I want it to be clear that pdftribute is not “my” movement. It isn’t really anyone’s movement per se – if it were anyone’s, it probably wouldn’t be a movement!

My involvement has been: thinking to put out the initial tweet, publicizing it, creating the hashtag #pdftribute, based on a suggestion by @venturejessica, collecting the stream of tweets and sharing it for others to scrape, and tweeting like hell for the past 48 hours or whatever (despite unreliable wifi).

Everyone else has also put in a lot. @venturejessica came up with #pdftributetoaaronswartz and got interest from Anonymous, which really helped get this off the ground. Micah Allen had suggested something similar on reddit, which might have helped it be picked up later. Thousands of people tweeting on the internet contributed as much as anyone else. The pdftribute.net guys have really been great – and now Edward Wang and James Change answered the call to scrape the pdfs from the tweets and have made them available here.

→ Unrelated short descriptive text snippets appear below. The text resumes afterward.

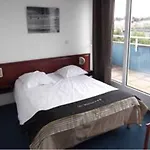 Le Trianon Ξενοδοχείο με διαμερίσματα 3*
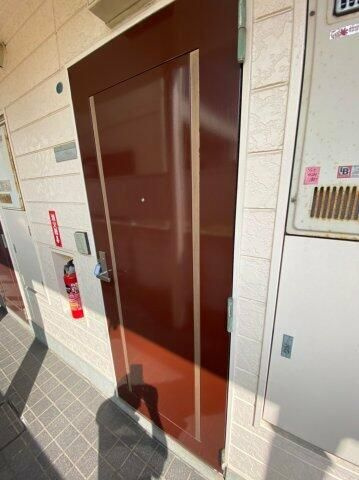 メゾンさくらの玄関
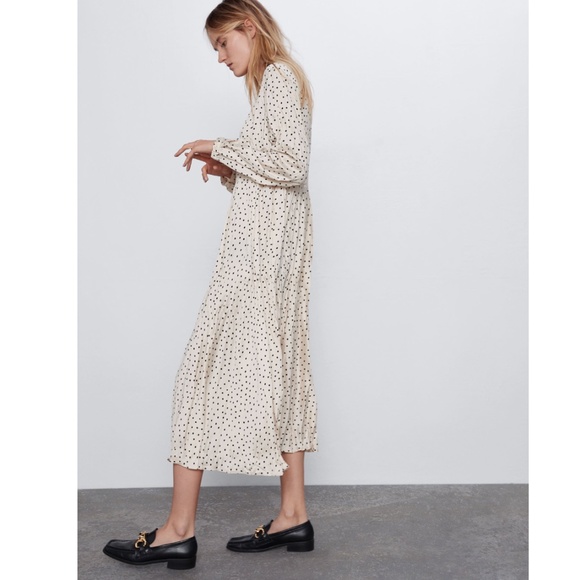 Last one * L * Zara Ecru Wrinkle Looks Dress NWT - Picture 11 of 15
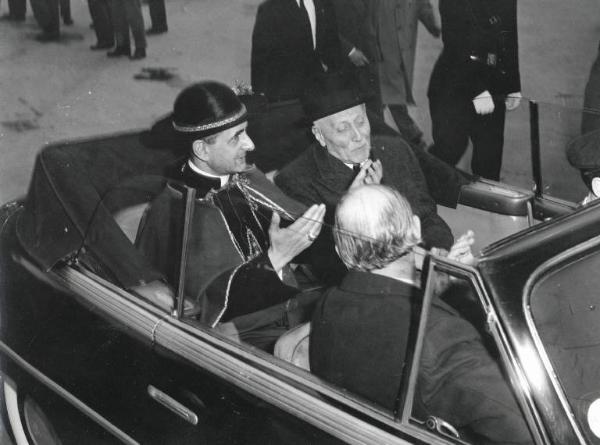 Fiera di Milano - Campionaria 1956 - Visita dell'arcivescovo di Milano Giovanni Battista Montini (poi, Papa Paolo VI)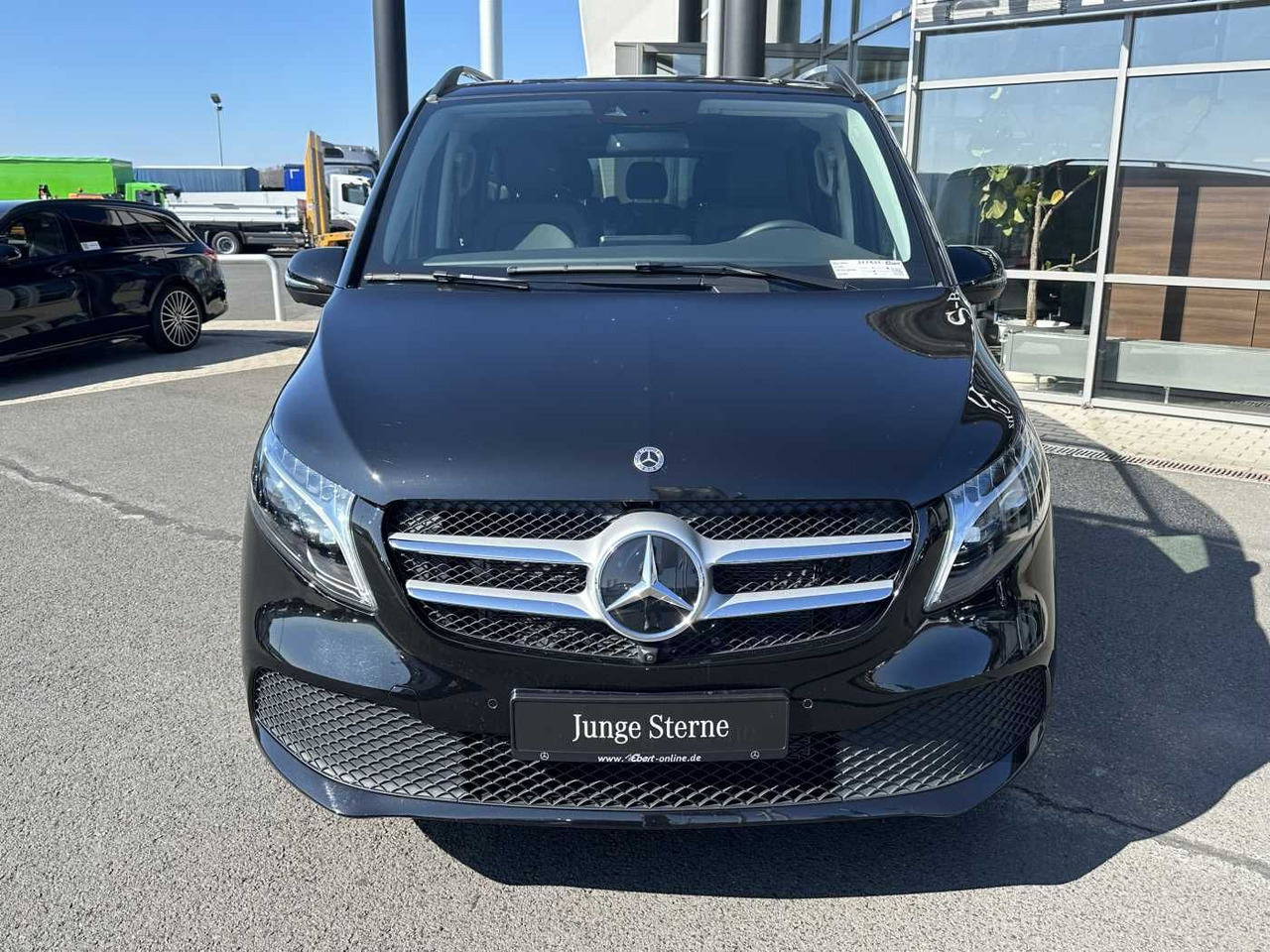 Mercedes-Benz V 300 d AVA ED 4MATIC AHK2,5to Standheiz 360Kam - Furgoneta de pasajeros: foto 2 Mercedes-Benz V 300 d AVA ED 4MATIC AHK2,5to Standheiz 360Kam - Furgoneta de pasajeros: foto 2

1) The kid in me has to say: SO COOL.

2) I didn’t think, when making my pledge, that it would develop into anything this big. It just seemed like a no-brainer; the completely obvious thing to do. It’s not clear yet how things will develop from here, but now that so many people are taking part and carrying this on in so many ways (and there is plenty of chatter – let me know if you would like to join the conversation), I will happily recuse myself to focus on my other endeavours. Movements like this don’t need a founder. They outlast any of us.